The District 2 Dem and his committee colleagues — Nancy Floreen and Marc Elrich, both at-large Dems — were miffed at the appropriation’s timing. Construction bids were received in mid March, but MoCo exec Ike Leggett’s request for the extra cash hit the council only last month. A public hearing is scheduled for Tuesday, and the construction bid expires Thursday.
“No one said, ‘Hey, this one might come in on the high side.’ ” Knapp complained.”The fact that we came up with bids that were higher [than anticipated] never came up.”
Elrich threw his two cents in and wondered why value engineering (read: designing on the cheap) didn’t trim the project’s budget. According to the council’s legislative analysis, value engineering trimmed 5,000 square feet of space from the building, which will sit along Ellsworth Drive between Fenton and Cedar streets.
That means no stage in the building’s great hall, and a community-use room that doubles as a conference room for Silver Spring’s regional center. Interior and exterior frou-frou have also been “simplified”, the analysis states.
“It’s less of a project,” Elrich said. “It’s shrunk in size and grown in price.”
Blame the higher price tag on the rising cost of, well, everything.

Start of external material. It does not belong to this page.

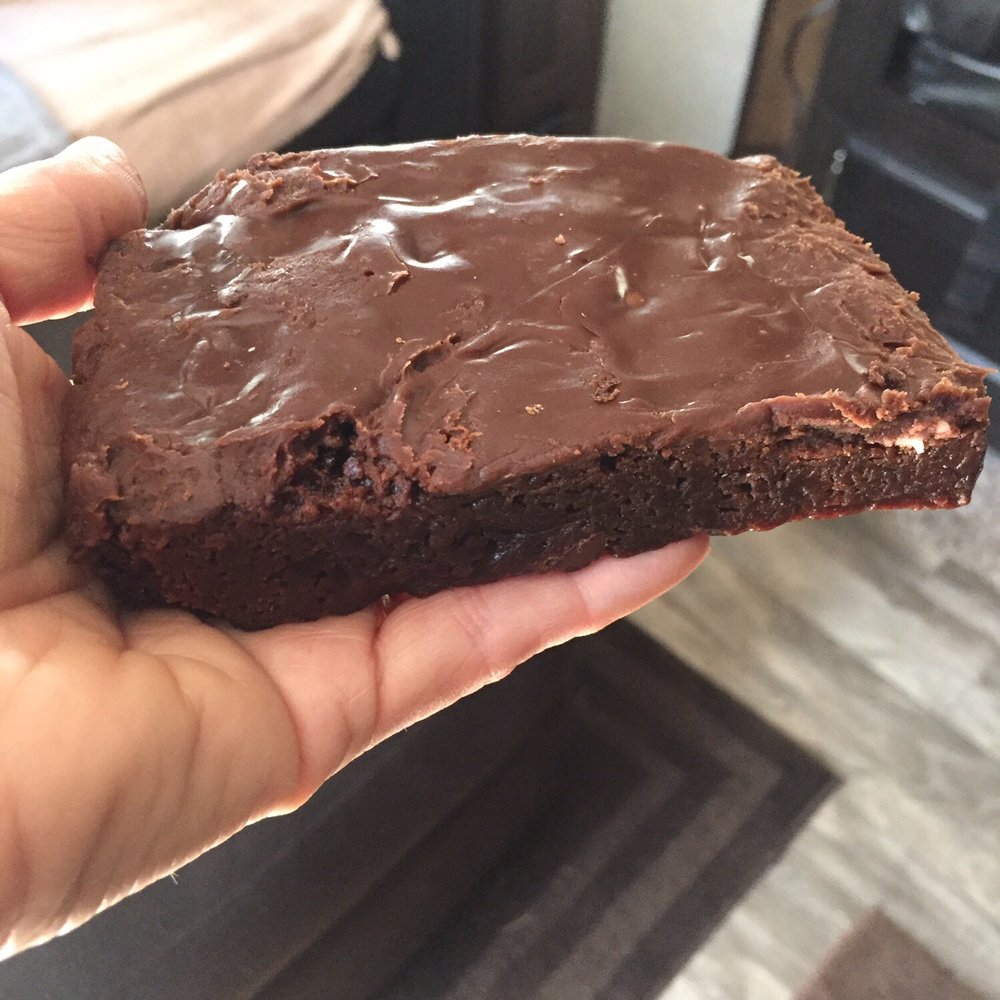 Mozelle's Downtown Bakery - $11.50 for one brownie!! - Patisserie/Cake Shop Near Me - Flagstaff, Arizona Mozelle's Downtown Bakery - $11.50 for one brownie!! - Patisserie/Cake Shop Near Me - Flagstaff, Arizona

Building materials like steel and copper, plus the gas needed to schlep the stuff into Silver Spring, have impacted the project’s overall cost, Don Sheuerman, of the new department of general services, testified.
And the hits are gonna keep on coming, warned council member Valerie Ervin (D-District 5), who attended the meeting. Expect higher-than-expected tabs for downtown Silver Spring’s other big public projects — the transit center and the new public library, she said.
“Let’s get a look at the numbers,” Knapp suggested, seeking to avoid being broadsided again. “I don’t want to back ourselves in a corner and just agree to everything that comes across the street” from the county exec’s office, he said.